The size of the Tomasica mass grave and the OTP’s investigation into its origins conducted from January to July 2014 have both showed that the VRS played a major part in the killing, burial and transfer of the victims into new graves in the Prijedor municipality. Entries from Mladic’s wartime notebooks corroborate the findings. The number of recovered bodies, the size of the grave and the way in which the victims were buried indicate that the killing in the Prijedor area were ‘planned, systematic and carried out on a massive scale’.

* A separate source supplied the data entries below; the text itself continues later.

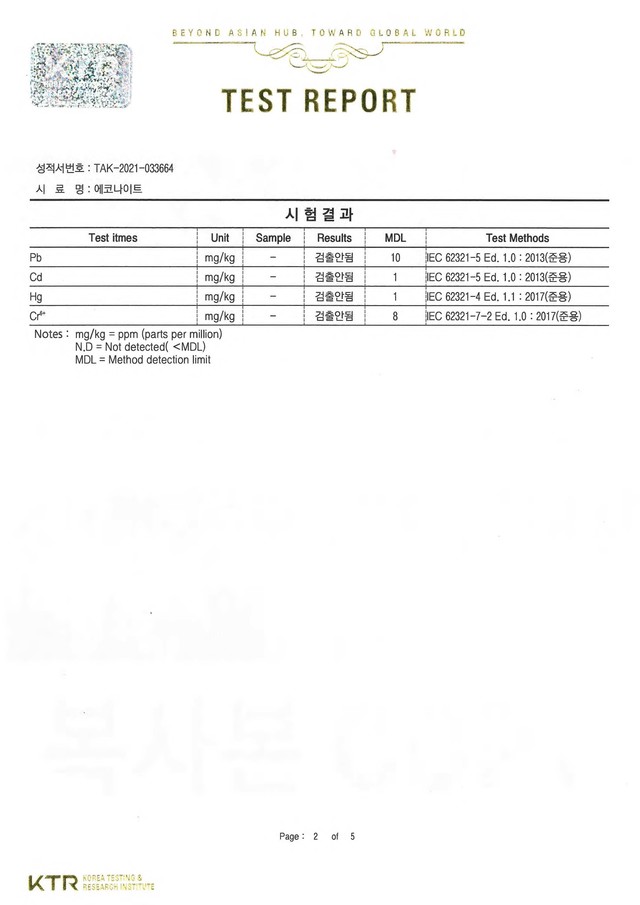 유해 중금속 검출 시험성적서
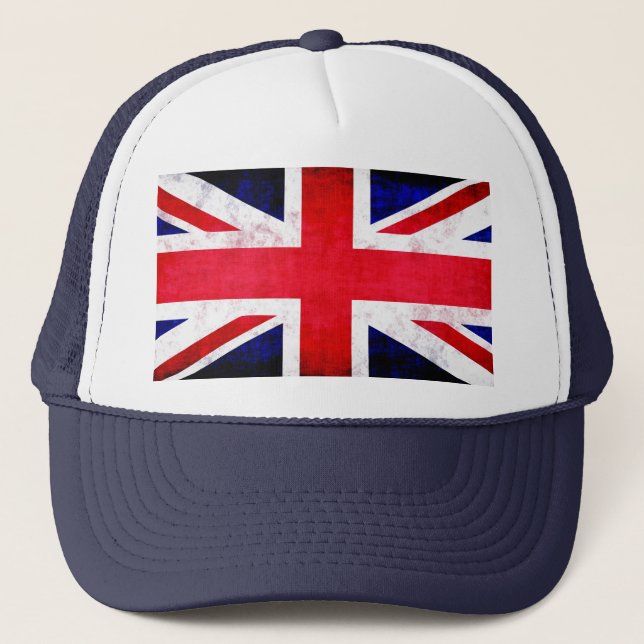 Rustic Union Jack UK Flag Trucker Hat (Front)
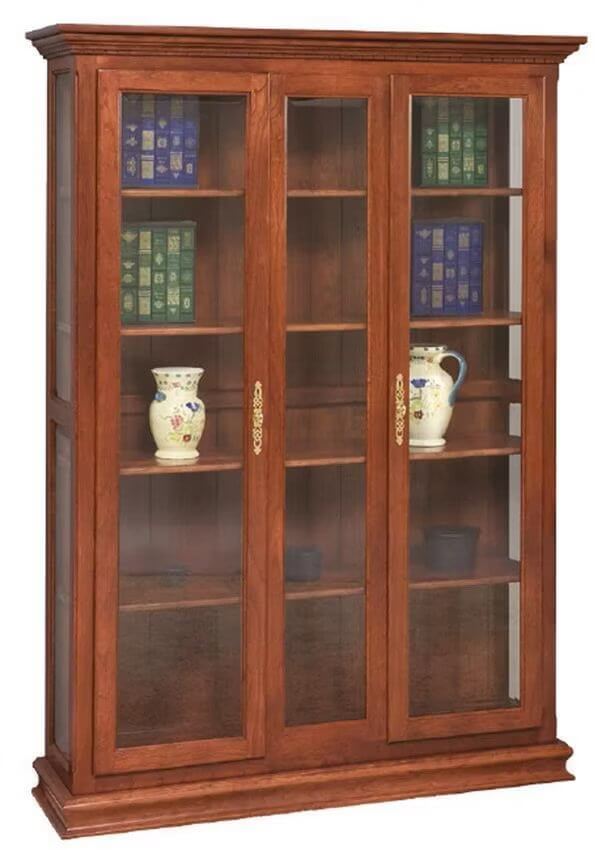 Amish Double Door Picture Frame Deluxe Bookcase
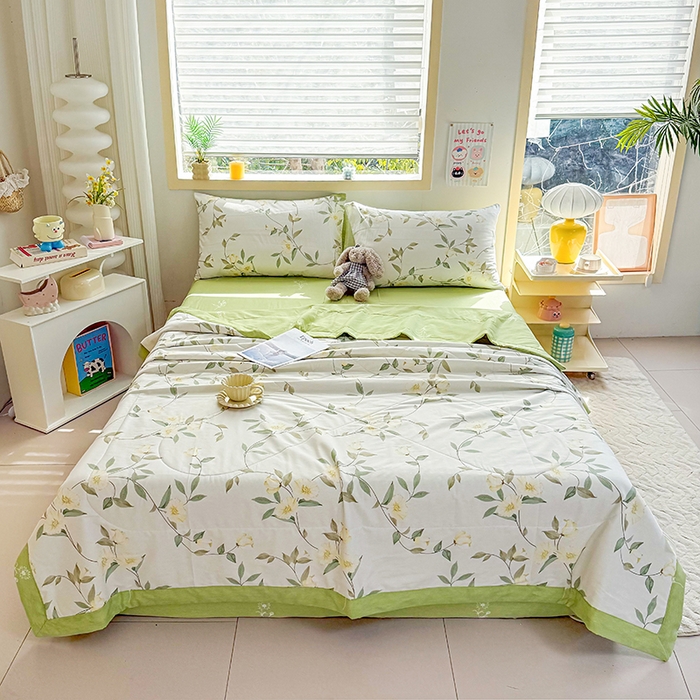 91家纺网 家纺一手货源 找家纺 禹祥家纺 （包质检）2026新款A类里外全棉新疆棉夏被夏凉被空调被儿童被 白藤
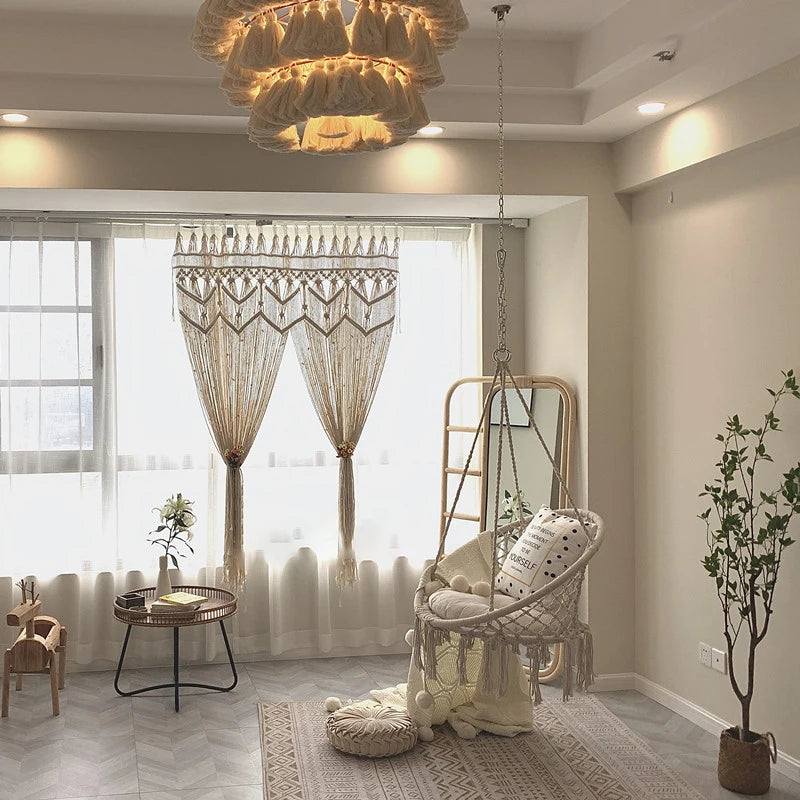 Hand-Woven Macrame Cotton Door Curtain Tapestry Boho Art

The prosecution notes that people were buried in Tomasica in the course of the major operation to forcibly remove the non-Serbs from the Prijedor area, before the local prison camps were closed down. The OTP experts have linked the exhumed bodies with the following incidents listed in the indictment against Mladic: the killing of a large number of persons in Kozarac, in the Hambarine and Ljubija regions, in the villages of Kamicani and Jaskici, in the Brda and Biscani area, in the nearby hamlets of Hegici, Mrkalji, Ravine, Duratovici, Kadici, Lagici and Cemernica, the killing of men in the football field in Ljubija and around it. The remains of the victims of several other incidents listed in the indictment – the killing of 150 persons in the Room 3 in the Keraterm prison camp, the murders of the Omarska prisoners in Omarska and in Hrastova Glavica – were also recovered from the grave.

In its motion, the prosecution notes that the remains of at least 293 persons aged from 15 to 60 have been exhumed so far. Almost all of them were killed by bullets. Some bodies were wrapped in blankets, which tallies with the witness statements. Also, protective rubber gloves, other items used when the bodies were buried and transferred and gas masks provided to the VRS by the JNA were also recovered from the grave. The evidence the prosecution intends to call also shows that in April and May 1992 the Prijedor Crisis Staff took control of the Ljubija mine, including Tomasica, and that the VRS strictly controlled the access to the area.